* _Your goal_
Each line of the data below between the one containing "Ribbon CC Logo Pendant - Image 7" and the one containing "一右衛(wèi)門No.1314 著付け小物 大量まとめ売り", both included, is to be repeated exactly. Please omit pictures.

* _Dataset content_
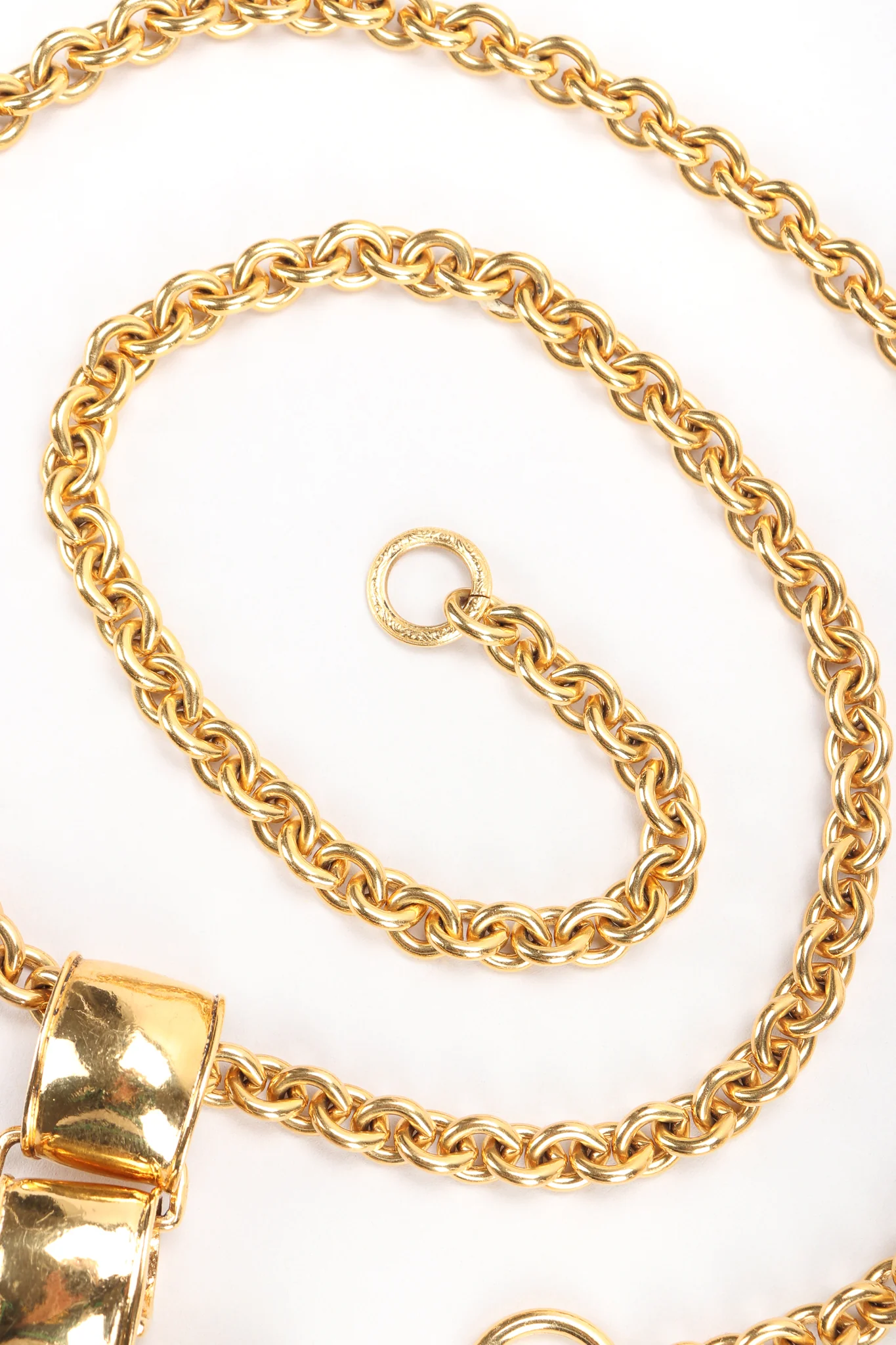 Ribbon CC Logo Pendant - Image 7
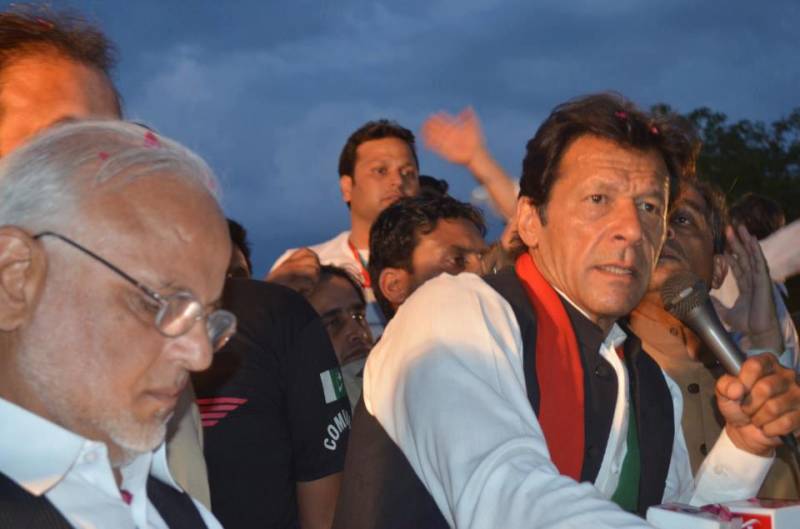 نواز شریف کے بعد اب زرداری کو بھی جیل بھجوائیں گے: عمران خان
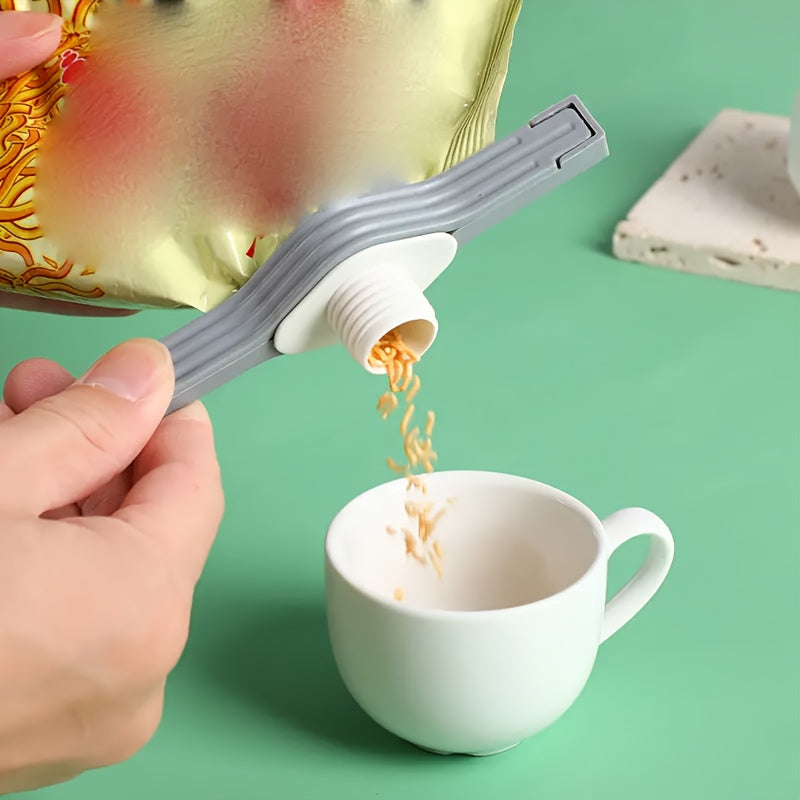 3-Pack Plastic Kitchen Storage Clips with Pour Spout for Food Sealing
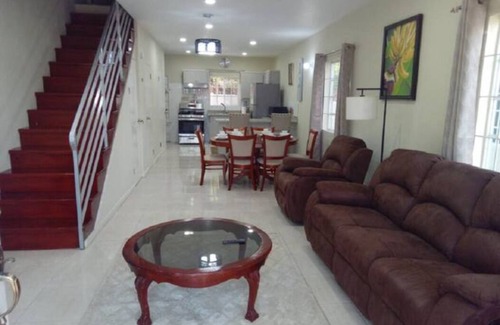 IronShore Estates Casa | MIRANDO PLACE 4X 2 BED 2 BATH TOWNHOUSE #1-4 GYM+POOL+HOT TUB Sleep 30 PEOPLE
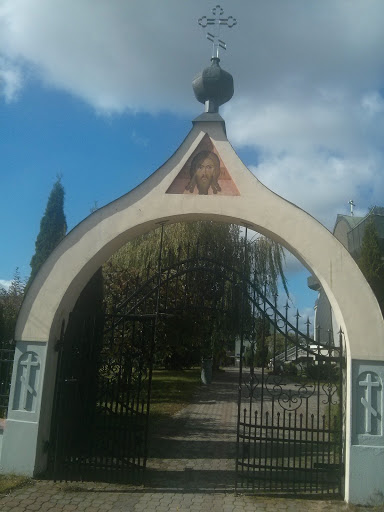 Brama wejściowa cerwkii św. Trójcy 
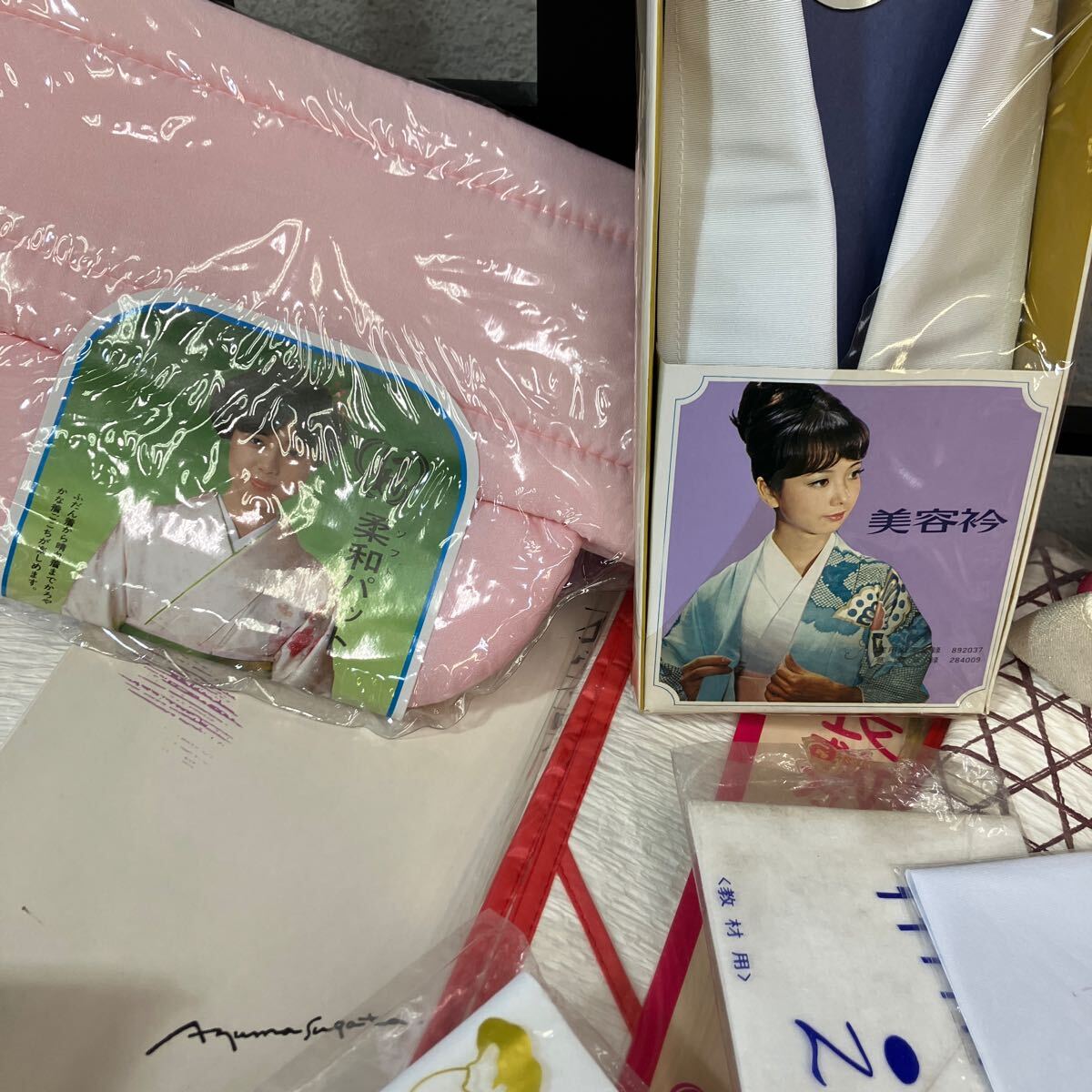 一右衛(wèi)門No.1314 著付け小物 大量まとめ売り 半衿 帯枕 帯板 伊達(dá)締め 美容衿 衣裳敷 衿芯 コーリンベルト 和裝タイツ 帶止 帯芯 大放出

* * *

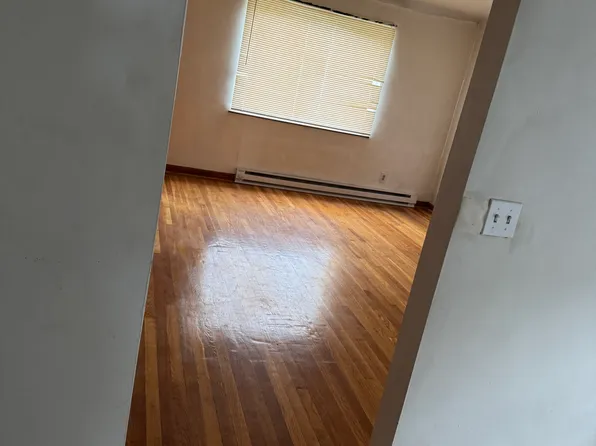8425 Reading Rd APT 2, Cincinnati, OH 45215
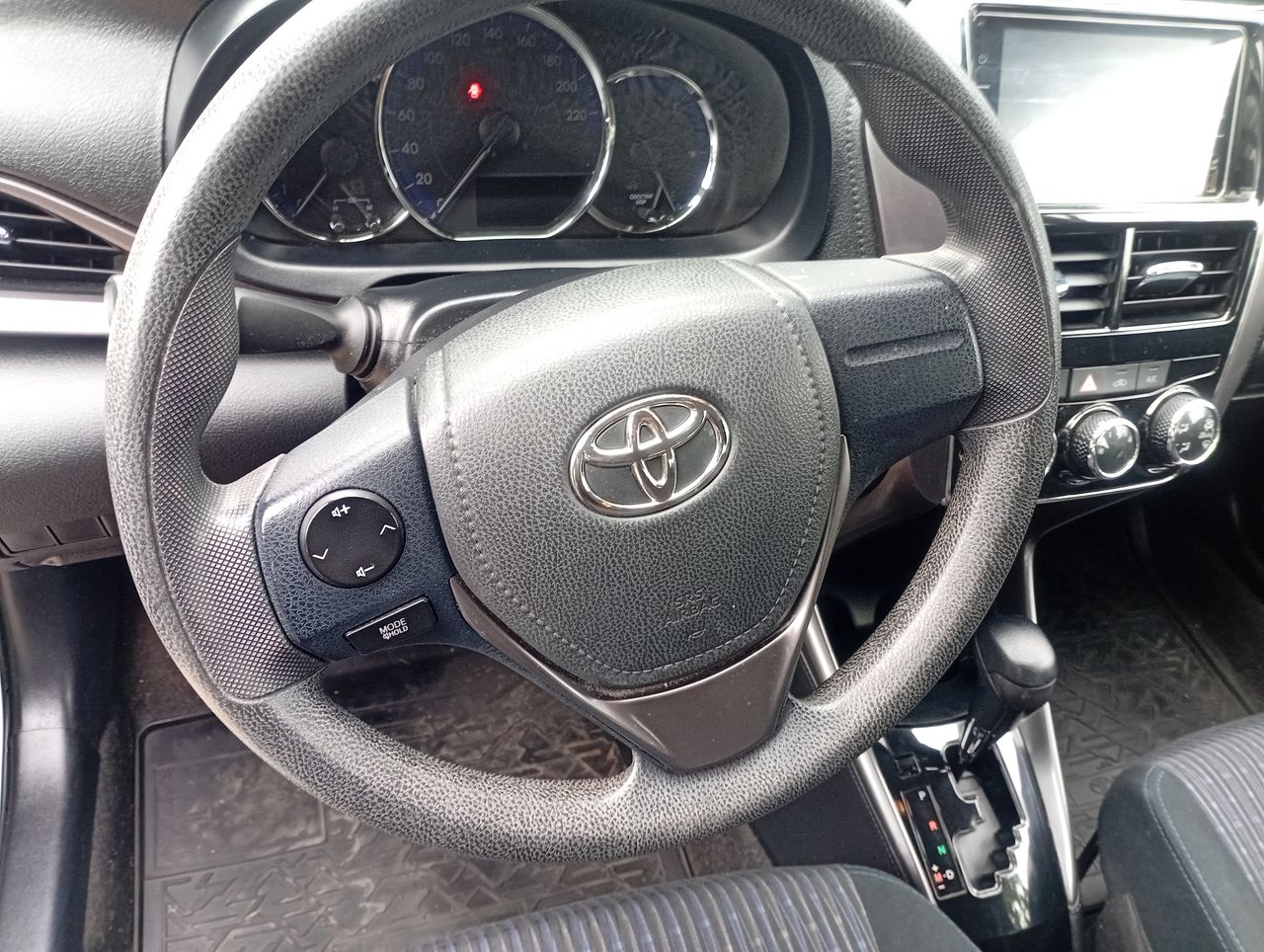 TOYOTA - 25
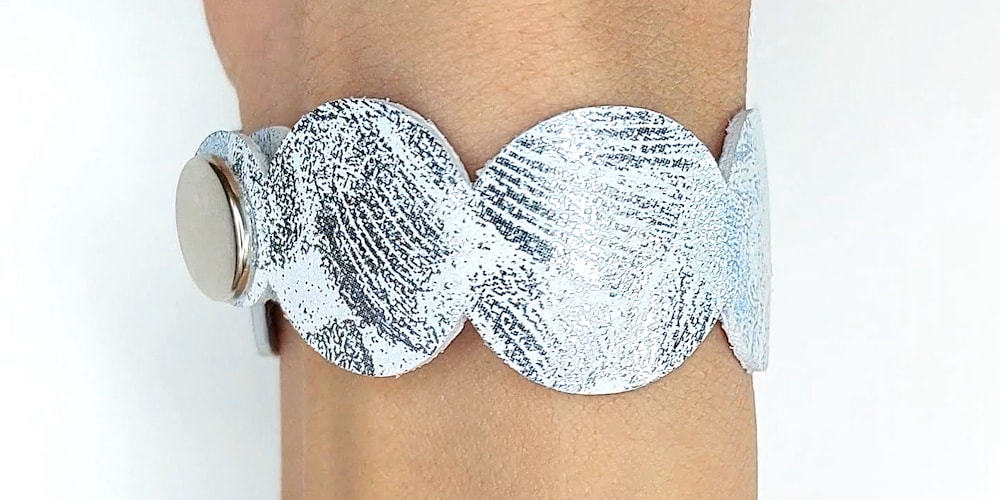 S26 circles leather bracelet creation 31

--

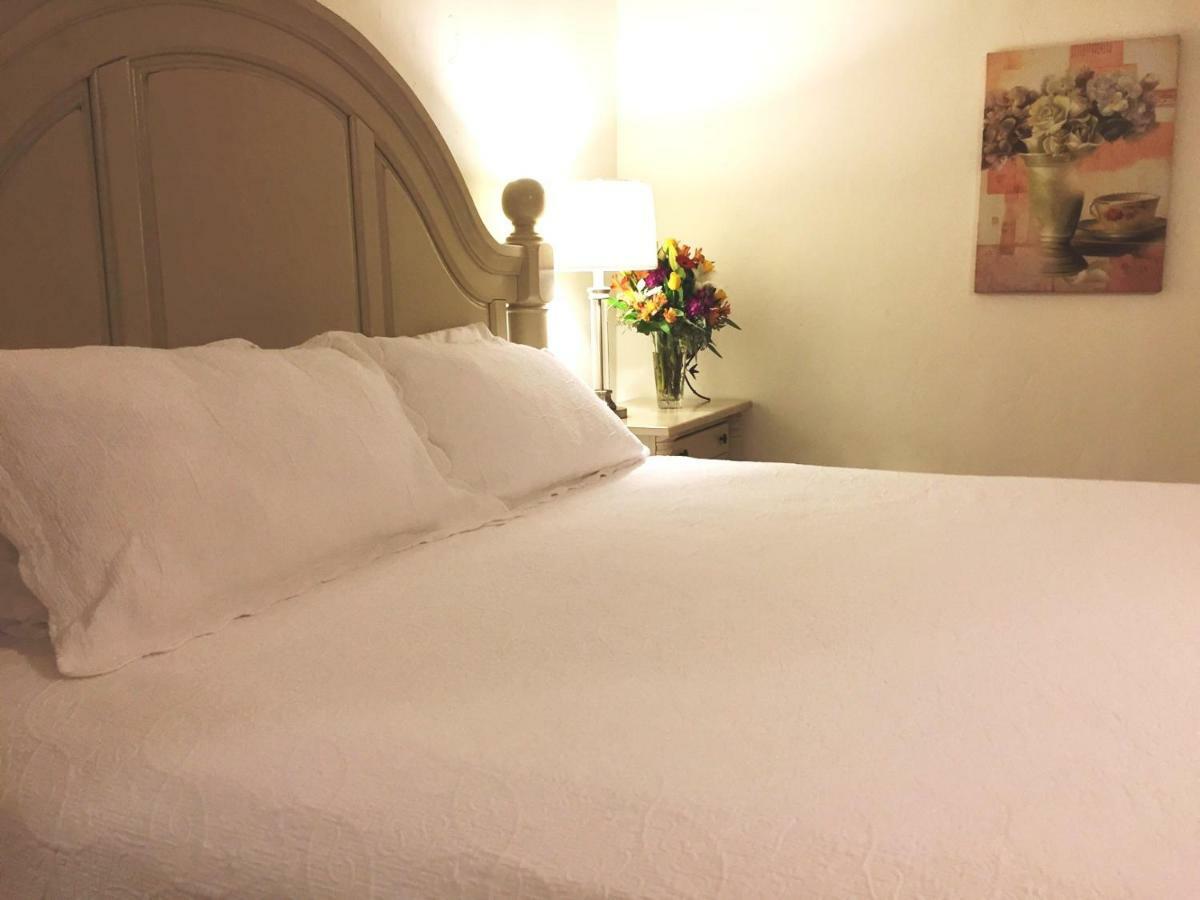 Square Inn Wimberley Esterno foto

* _Result of this exercise_
 Ribbon CC Logo Pendant - Image 7
 نواز شریف کے بعد اب زرداری کو بھی جیل بھجوائیں گے: عمران خان
 3-Pack Plastic Kitchen Storage Clips with Pour Spout for Food Sealing
 IronShore Estates Casa | MIRANDO PLACE 4X 2 BED 2 BATH TOWNHOUSE #1-4 GYM+POOL+HOT TUB Sleep 30 PEOPLE
 Brama wejściowa cerwkii św. Trójcy 
 一右衛(wèi)門No.1314 著付け小物 大量まとめ売り 半衿 帯枕 帯板 伊達(dá)締め 美容衿 衣裳敷 衿芯 コーリンベルト 和裝タイツ 帶止 帯芯 大放出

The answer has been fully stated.